The economic woes of Ghana continue to deepen, as managers of the economy remain oblivious and take no responsibility. The President, Nana Akufo-Addo recently said his government couldn’t be blamed for going to the International Monetary Fund to seek help for an economy that has been wrecked by his own government’s bad decisions, poor judgement and borrowing too much for consumption.
About a week ago, Fitch Ratings, one of the global ratings agencies which ratings are taken serious by international market players has downgraded three Ghanaian banks to junk soon after downgrading the country.
Fitch announced the downgrade of Ecobank Ghana Limited’s, Guaranty Trust Bank (Ghana) Limited’s (GTB Ghana) and United Bank for Africa (Ghana) Limited’s (UBA Ghana) Viability Ratings (VRs) to ‘ccc’ from ‘b-‘.
The agency affirmed the Shareholder Support Ratings (SSRs) of Ecobank Ghana at ‘ccc+’ and of GTB Ghana and UBA Ghana at ‘b-‘.
“The Long-Term Issuer Default Rating (IDR) of Ecobank Ghana has therefore been downgraded to ‘CCC+ from ‘B-‘ while those of GTB Ghana and UBA Ghana have been affirmed at ‘B-‘. The Outlook on the Long-Term IDRs is Stable,” Fitch said, adding, “Fitch has simultaneously withdrawn Ecobank Ghana’s ratings for commercial reasons and will no longer provide ratings and analytical coverage for Ecobank Ghana.”
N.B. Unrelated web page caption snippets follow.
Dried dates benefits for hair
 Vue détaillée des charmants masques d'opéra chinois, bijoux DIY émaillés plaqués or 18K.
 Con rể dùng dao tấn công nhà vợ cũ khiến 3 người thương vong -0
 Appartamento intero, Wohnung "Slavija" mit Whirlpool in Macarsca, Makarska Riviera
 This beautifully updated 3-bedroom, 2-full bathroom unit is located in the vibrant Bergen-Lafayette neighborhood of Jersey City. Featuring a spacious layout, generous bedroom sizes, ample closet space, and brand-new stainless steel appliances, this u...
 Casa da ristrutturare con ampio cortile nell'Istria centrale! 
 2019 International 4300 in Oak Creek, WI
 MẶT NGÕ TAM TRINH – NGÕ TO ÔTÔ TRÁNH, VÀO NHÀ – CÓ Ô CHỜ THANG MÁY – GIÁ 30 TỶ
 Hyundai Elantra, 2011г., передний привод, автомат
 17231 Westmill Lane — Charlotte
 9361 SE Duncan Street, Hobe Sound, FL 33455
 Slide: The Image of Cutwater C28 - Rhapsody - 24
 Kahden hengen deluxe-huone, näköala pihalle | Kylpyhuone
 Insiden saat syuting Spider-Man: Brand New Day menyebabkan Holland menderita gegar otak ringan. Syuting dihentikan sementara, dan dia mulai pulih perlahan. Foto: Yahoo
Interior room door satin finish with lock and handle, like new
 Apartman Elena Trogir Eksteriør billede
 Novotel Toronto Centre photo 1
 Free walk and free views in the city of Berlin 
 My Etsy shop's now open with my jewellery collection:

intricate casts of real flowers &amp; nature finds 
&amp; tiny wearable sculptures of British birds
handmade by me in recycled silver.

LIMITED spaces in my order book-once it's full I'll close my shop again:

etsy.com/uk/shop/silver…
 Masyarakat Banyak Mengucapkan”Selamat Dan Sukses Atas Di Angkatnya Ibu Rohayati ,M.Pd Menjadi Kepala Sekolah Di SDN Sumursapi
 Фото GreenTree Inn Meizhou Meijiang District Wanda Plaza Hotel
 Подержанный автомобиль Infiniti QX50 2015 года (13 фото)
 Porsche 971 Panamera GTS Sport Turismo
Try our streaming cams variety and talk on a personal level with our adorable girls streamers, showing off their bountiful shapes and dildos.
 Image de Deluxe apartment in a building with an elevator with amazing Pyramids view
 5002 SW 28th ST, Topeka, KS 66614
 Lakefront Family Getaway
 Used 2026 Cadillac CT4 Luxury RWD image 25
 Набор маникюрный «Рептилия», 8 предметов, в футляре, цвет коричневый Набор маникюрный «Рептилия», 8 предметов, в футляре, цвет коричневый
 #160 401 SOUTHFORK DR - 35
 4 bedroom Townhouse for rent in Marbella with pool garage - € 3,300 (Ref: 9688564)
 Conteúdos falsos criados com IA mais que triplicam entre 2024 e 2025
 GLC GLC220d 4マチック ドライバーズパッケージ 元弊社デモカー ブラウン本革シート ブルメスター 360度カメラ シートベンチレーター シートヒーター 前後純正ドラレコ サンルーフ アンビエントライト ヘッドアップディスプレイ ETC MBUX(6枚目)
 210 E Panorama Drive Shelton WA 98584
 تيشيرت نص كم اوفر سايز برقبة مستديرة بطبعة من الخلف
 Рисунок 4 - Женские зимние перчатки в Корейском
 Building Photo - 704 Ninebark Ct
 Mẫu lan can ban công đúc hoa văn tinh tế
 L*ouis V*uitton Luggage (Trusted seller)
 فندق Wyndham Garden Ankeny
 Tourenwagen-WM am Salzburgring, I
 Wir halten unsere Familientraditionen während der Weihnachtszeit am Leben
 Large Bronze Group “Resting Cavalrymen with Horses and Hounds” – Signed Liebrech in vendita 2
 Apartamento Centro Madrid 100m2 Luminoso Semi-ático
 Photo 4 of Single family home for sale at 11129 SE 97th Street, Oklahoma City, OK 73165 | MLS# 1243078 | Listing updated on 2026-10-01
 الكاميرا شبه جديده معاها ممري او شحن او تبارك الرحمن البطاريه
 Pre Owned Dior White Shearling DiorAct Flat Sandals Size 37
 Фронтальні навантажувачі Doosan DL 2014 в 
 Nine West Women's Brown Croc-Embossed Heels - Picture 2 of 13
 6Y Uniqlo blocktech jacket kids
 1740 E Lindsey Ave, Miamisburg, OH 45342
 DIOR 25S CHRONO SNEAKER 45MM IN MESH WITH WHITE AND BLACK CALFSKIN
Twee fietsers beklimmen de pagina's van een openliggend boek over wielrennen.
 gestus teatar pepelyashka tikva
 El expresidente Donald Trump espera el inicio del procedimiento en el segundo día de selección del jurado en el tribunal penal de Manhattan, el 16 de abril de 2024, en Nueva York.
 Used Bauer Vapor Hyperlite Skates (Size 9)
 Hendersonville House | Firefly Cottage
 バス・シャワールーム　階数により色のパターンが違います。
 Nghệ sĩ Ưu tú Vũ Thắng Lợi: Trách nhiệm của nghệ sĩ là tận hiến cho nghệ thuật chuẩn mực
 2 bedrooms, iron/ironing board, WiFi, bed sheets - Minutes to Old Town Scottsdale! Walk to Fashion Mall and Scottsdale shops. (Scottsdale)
According to Fitch, the rating actions follow the downgrade of Ghana’s Long-Term IDR to ‘CCC’ from ‘B-‘ on 10 August 2022.
Days after Standard and Poor’s downgraded Ghana to junk, Fitch also downgraded the country from B- to CCC. Fitch doesn’t typically assign outlooks to sovereigns with a rating of CCC+ or below. A Fitch CCC rating is junk.
According to Fitch, the downgrade reflects deterioration of Ghana’s public finances, which has contributed to a prolonged lack of access to Eurobond markets, in turn leading to a significant decline in external liquidity.
“In the absence of new external financing sources, international reserves will fall close to two months of current external payments (debits in the current account) by end-2022,” it said.
Among other things Fitch says following the downgrade of their VRs, the banks’ Long-Term IDRs are now solely driven by the likelihood of extraordinary support from their parents, Togo-based Ecobank Transnational Incorporated (ETI: B-/Stable) and Nigerian-based Guaranty Trust Bank Limited (GTB: B/Stable) and United Bank for Africa Plc (UBA: B/Stable).
The Stable Outlook on the Long-Term IDRs reflects those on their parents’ Long-Term IDRs. GTB Ghana’s and UBA Ghana’s Long-Term IDR is at the same level as Ghana’s Country Ceiling of ‘B-‘, which captures Fitch’s view of transfer and convertibility risk within Ghana.